The incident happened on Wednesday, April 30, 2008, at 3221 Lyndale Avenue North. This is just a block or so north of where I own property and do extensive "block watch" activity. So I learned of the incident because I get "Fourth Precinct" email updates, though all these updates are also posted on a website. So this tow truck incident was routinely posted, but I guess only somebody like me (completely obsessed with non-consent towing issues) would see it as anything more than more senseless violence in North Minneapolis.
The man arrested (the owner of the vehicle) was Robert Tuggle, age 22, a white male with (get this!) NO PRIOR POLICE HISTORY.
Normally, when reading about these North Side incidents, one sees the suspects have extensive police histories. Take, for example, Earnest Boyd, arrested in a crack incident a block away, who has a total of 87 "CAPRS" on his record. (Computer Assisted Police Report System...or something like that) Basically, this guy has had the cops called on him 87 times. Quite a record, but normally with these North Side arrests one sees a few dozen CAPRS.
But Robert Tuggle? Nothing. Zip. Zilch. Nada. Tuggle has never had the cops called on him before, at least not something recorded by CAPR.
According to the cryptic report, it was 8:30 in the morning and a tow truck driver was towing vehicles for street sweeping, hooking up when Robert Tuggle came out. Tuggle "racked" and then pointed a Remington 870 shotgun at the tow truck driver.
Though the report doesn't actually say it, one presumes the tow truck driver unhooked the vehicle in question and left the area. Officers came back, arrested Tuggle, and took his gun.
Clearly, Tuggle was in the wrong. But try explaining that to Tuggle. In North Minneapolis, you can be living in a house illegally--squatting, basically--and it takes WEEKS for the legal process to evict you, with a notable degree of care and concern about notifying you in regard to your rights and property.
But authorities can just come along and seize your car without notice.
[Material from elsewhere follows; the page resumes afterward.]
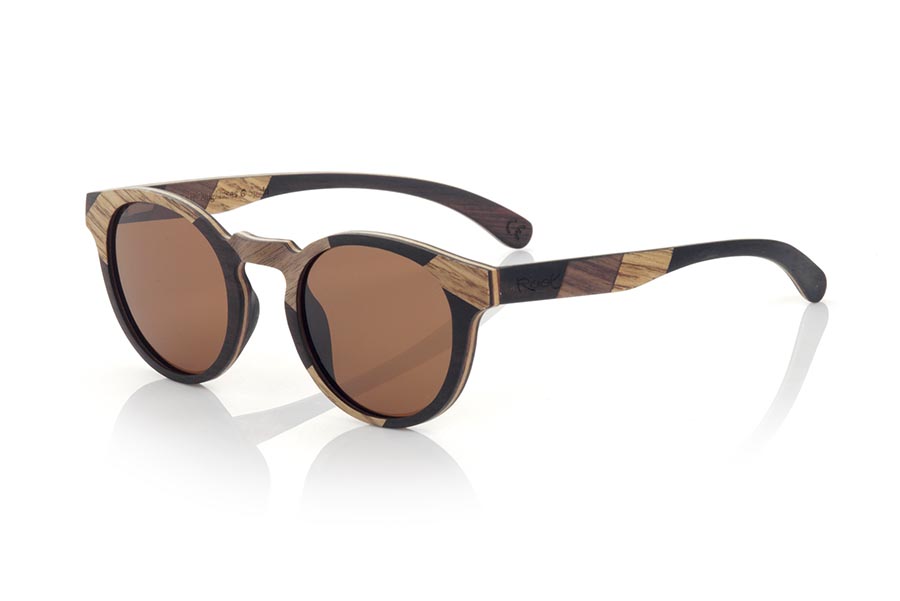 Wood eyewear of Walnut NEILY. NEILY sunglasses are manufactured in a combination of three spectacular woods, Black Walnut, Oak and African Black wood (Mpingo) in frame and temples. The latter are finished in hawksbill acetate with internal rod which allow to be adjusted if necessary. It is a finely executed elegant and original model with a very careful finish that will surprise you with its originality and the combination of woods. Front measurement: 140x48mm for Wholesale & Retail | Root Sunglasses® 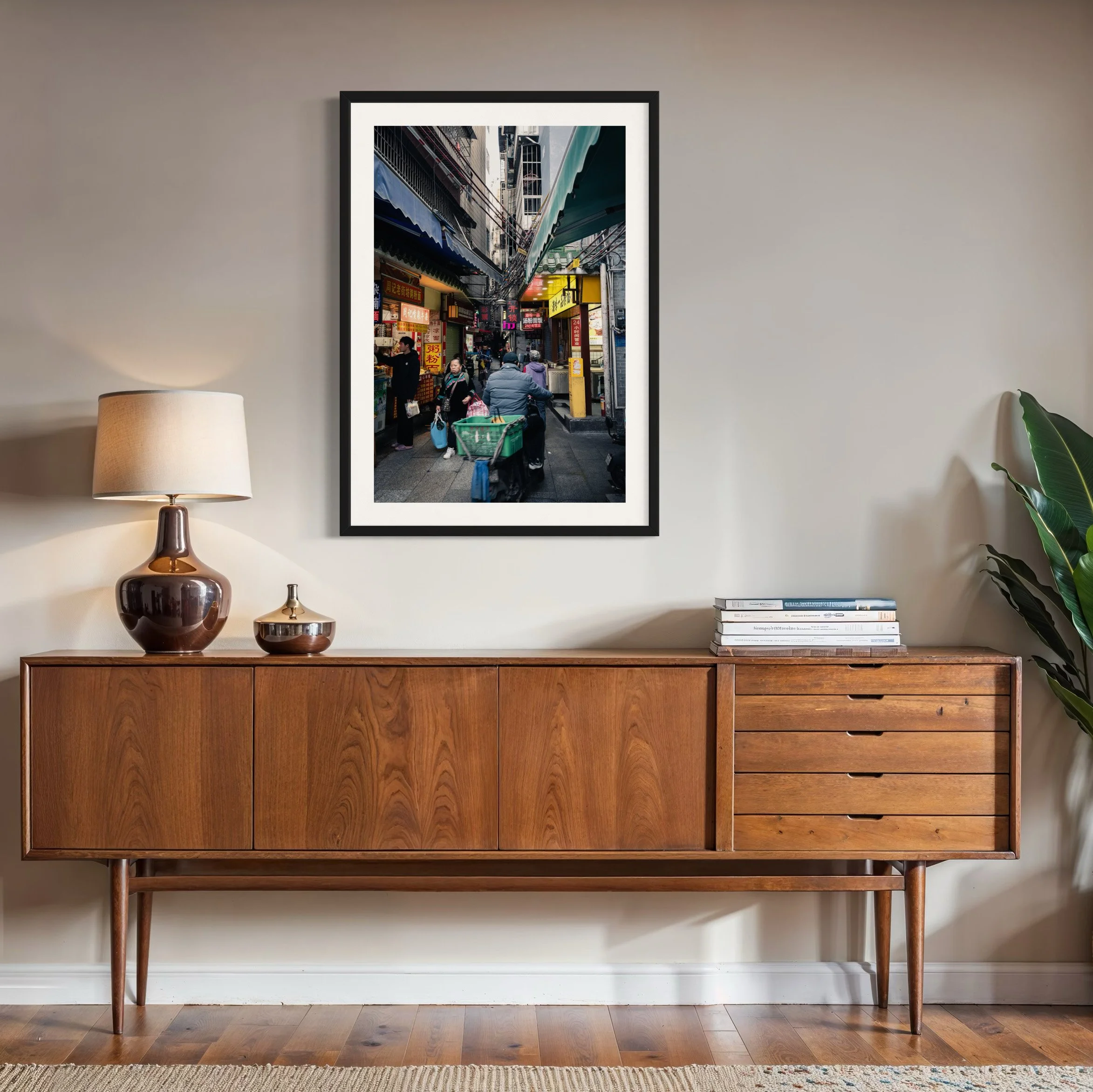 Framed Guangzhou alley street photography print displayed above a mid-century timber sideboard in a contemporary living space with warm wood tones and neutral décor.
What gets you to a job and helps you earn a living? Your car. Where will you live if you get thrown out of your house in North Minneapolis? Your car. What object is all tangled up with your very sense of personal identity, even more than (for example) a Remington 870 shotgun? That's right, your car.
For god's sake, Minneapolis. Find a way to give citizens electronic notification of an impending tow, before some tow truck driver gets shot dead on the street. Really, one could take an incident like this as a warning and work to prevent something much worse.